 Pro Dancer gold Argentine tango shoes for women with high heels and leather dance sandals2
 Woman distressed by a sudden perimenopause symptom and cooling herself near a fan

---

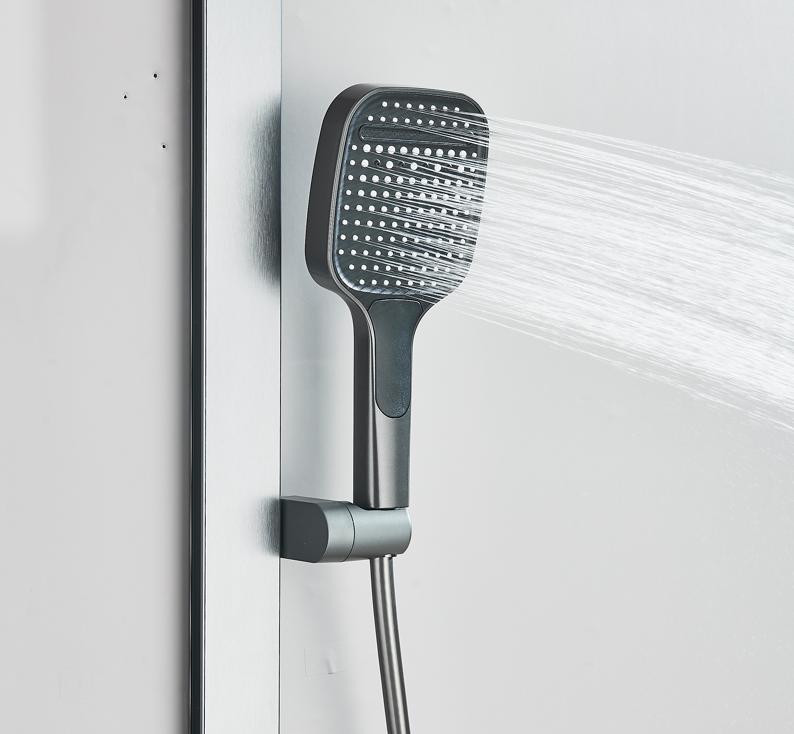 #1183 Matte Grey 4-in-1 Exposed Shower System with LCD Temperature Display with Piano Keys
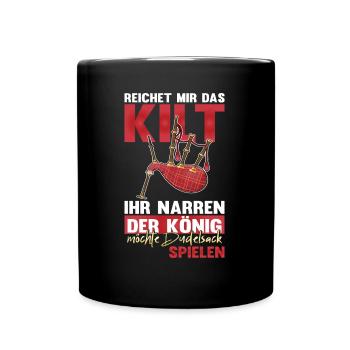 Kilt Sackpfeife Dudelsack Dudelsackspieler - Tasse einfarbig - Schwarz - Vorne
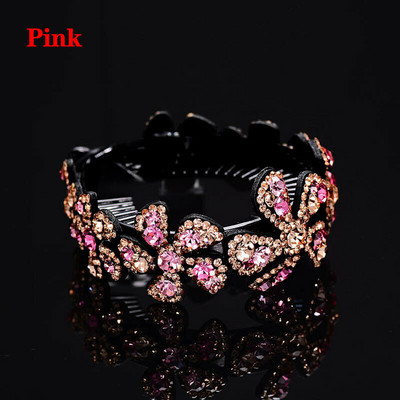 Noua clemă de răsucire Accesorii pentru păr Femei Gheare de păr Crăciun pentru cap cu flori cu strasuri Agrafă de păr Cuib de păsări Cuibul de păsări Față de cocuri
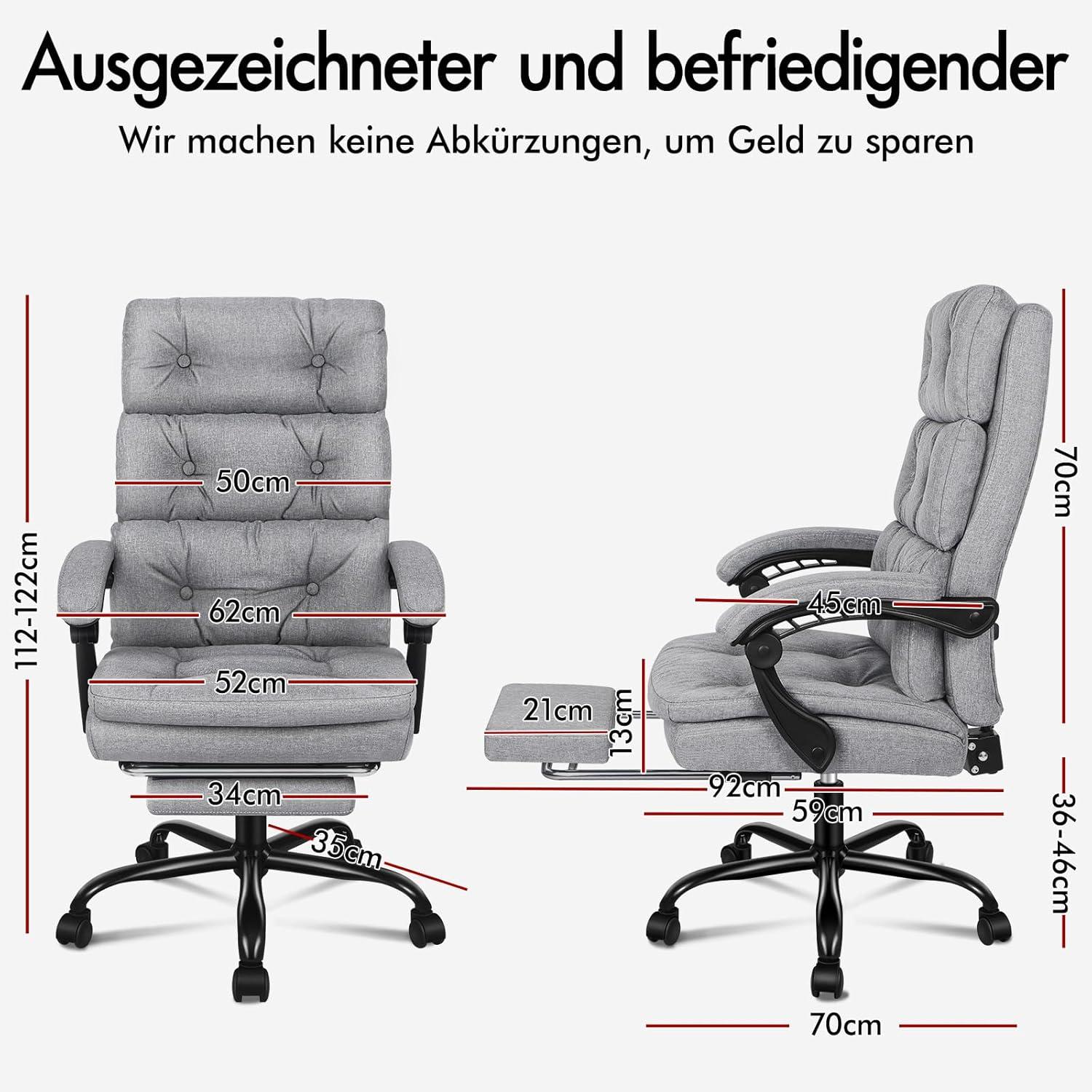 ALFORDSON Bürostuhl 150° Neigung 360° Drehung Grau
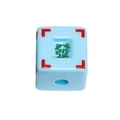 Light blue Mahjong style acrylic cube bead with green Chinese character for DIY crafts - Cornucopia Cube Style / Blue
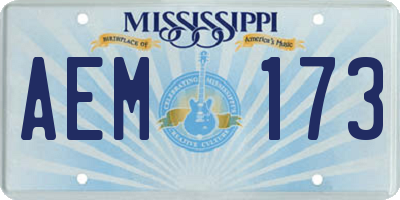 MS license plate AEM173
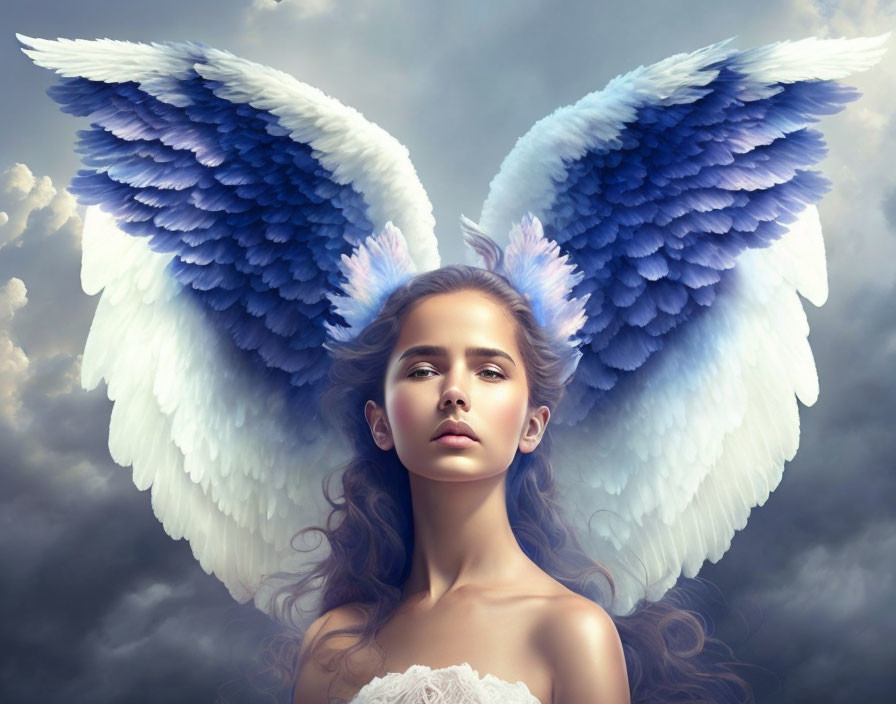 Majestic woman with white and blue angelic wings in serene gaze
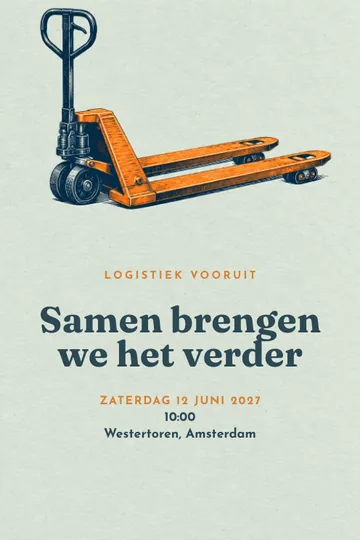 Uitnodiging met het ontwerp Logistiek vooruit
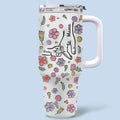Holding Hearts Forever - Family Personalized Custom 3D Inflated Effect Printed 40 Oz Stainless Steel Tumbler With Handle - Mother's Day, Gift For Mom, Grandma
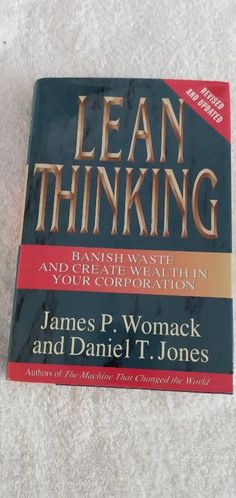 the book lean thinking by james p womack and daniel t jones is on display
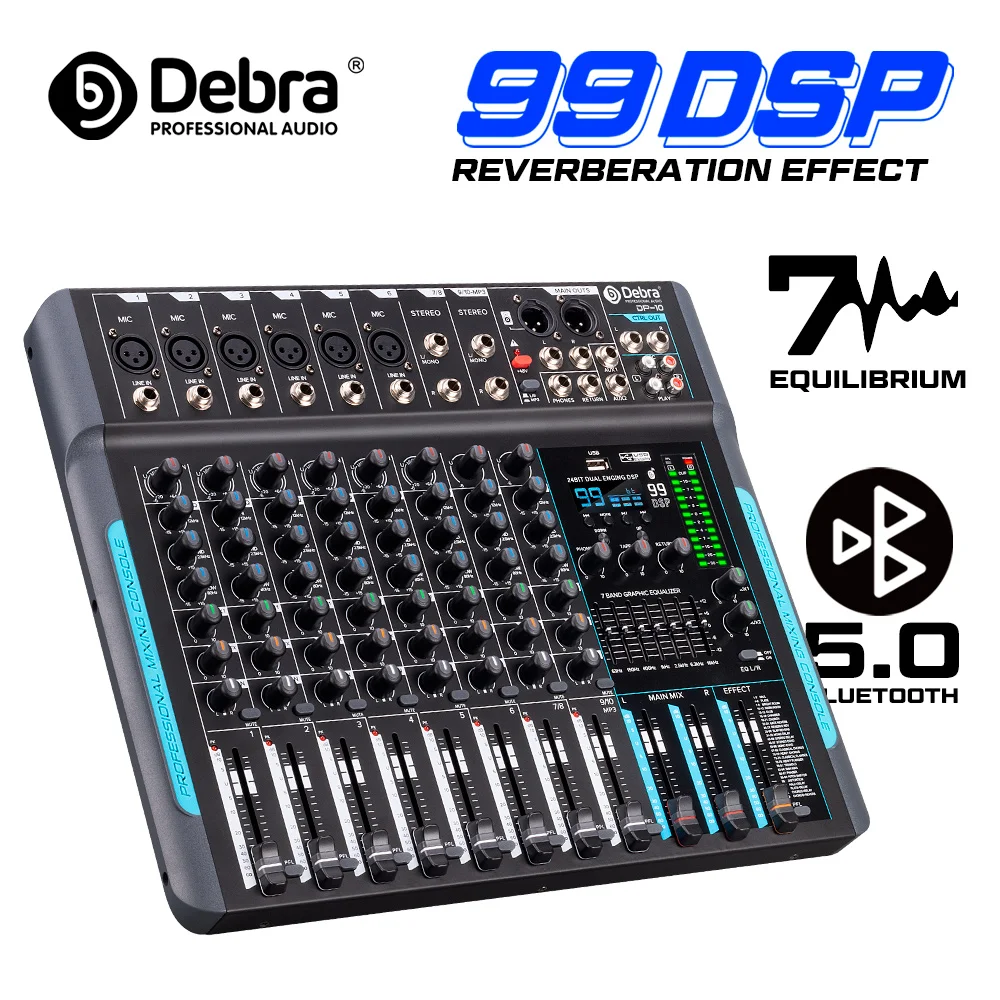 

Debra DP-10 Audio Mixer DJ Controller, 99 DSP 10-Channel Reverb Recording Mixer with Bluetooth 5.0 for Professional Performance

==

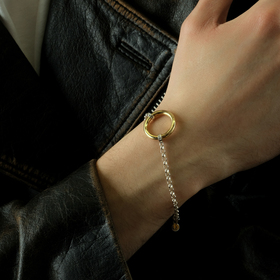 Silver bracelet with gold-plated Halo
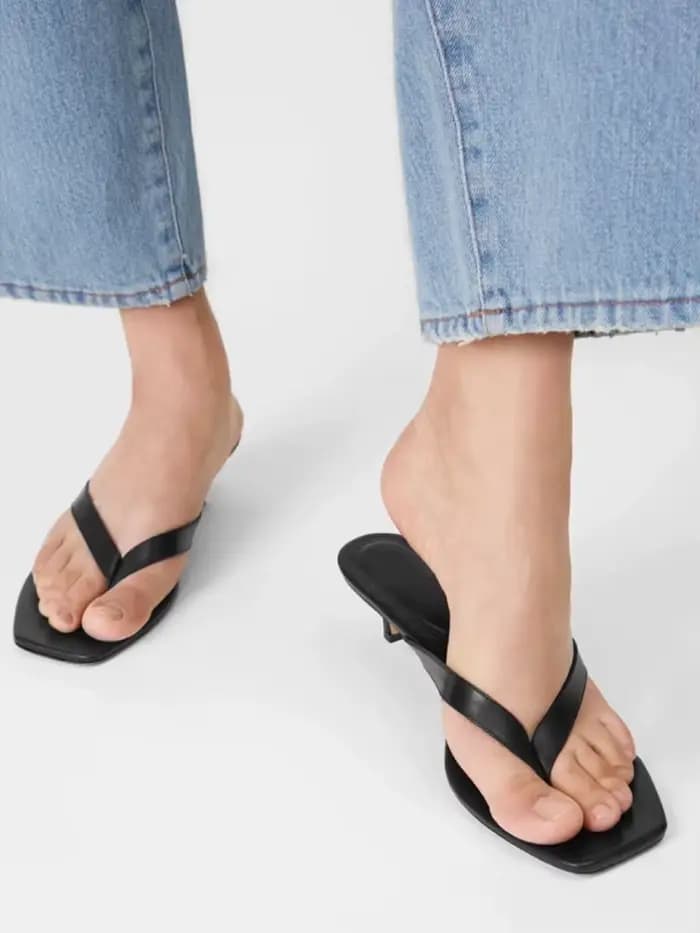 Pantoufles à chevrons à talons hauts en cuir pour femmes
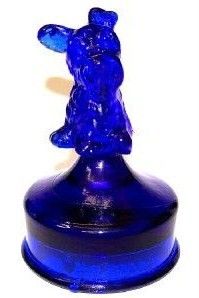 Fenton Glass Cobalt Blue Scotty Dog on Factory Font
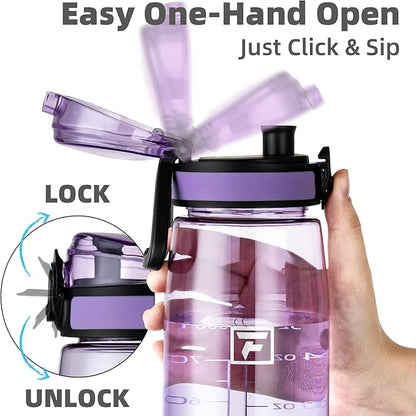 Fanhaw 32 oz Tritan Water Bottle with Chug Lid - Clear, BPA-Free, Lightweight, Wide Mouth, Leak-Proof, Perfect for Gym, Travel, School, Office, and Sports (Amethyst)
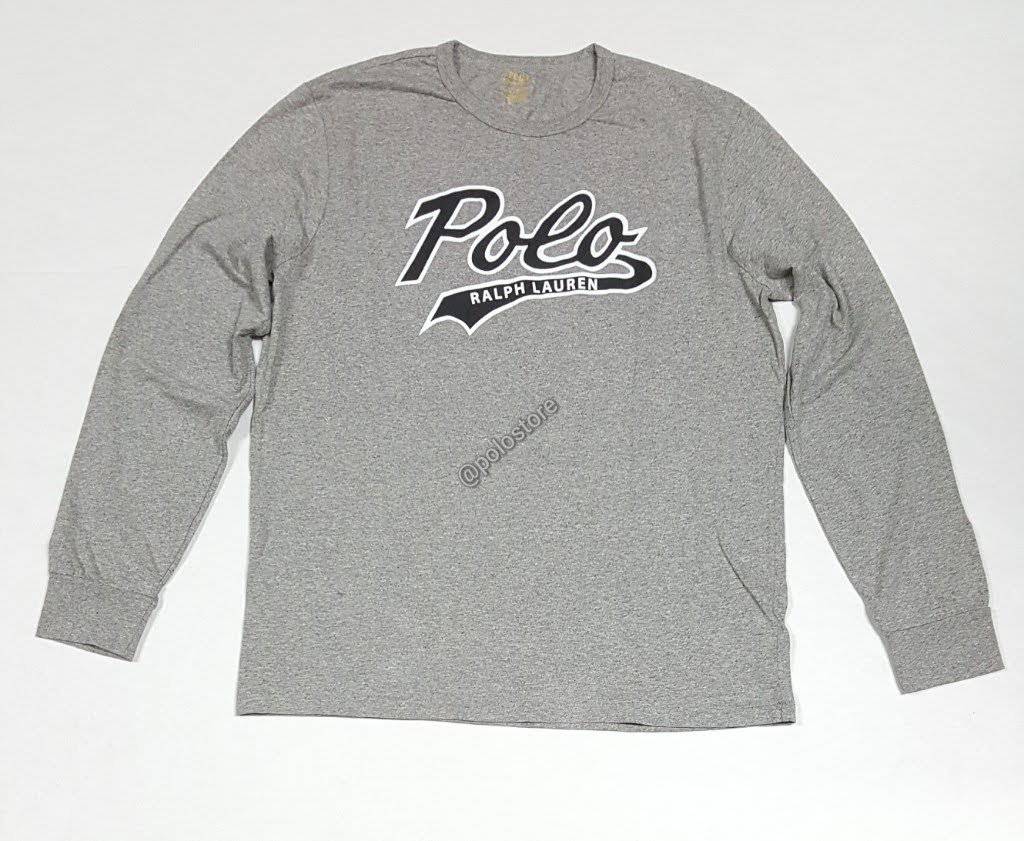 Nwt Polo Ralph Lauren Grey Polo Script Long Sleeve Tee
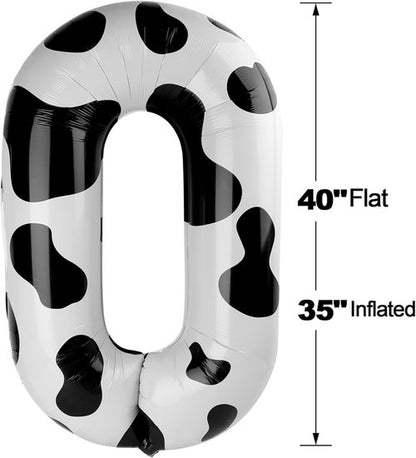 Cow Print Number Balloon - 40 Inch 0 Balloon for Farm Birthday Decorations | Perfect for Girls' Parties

§ What you should do: Now transcribe the lines above exactly, starting at the line containing "Majestic woman with" and ending at the line containing "Debra DP-10 Audio", both lines included, pictures excluded.

§ Answer section:
 Majestic woman with white and blue angelic wings in serene gaze
 Uitnodiging met het ontwerp Logistiek vooruit
Holding Hearts Forever - Family Personalized Custom 3D Inflated Effect Printed 40 Oz Stainless Steel Tumbler With Handle - Mother's Day, Gift For Mom, Grandma
 the book lean thinking by james p womack and daniel t jones is on display

Debra DP-10 Audio Mixer DJ Controller, 99 DSP 10-Channel Reverb Recording Mixer with Bluetooth 5.0 for Professional Performance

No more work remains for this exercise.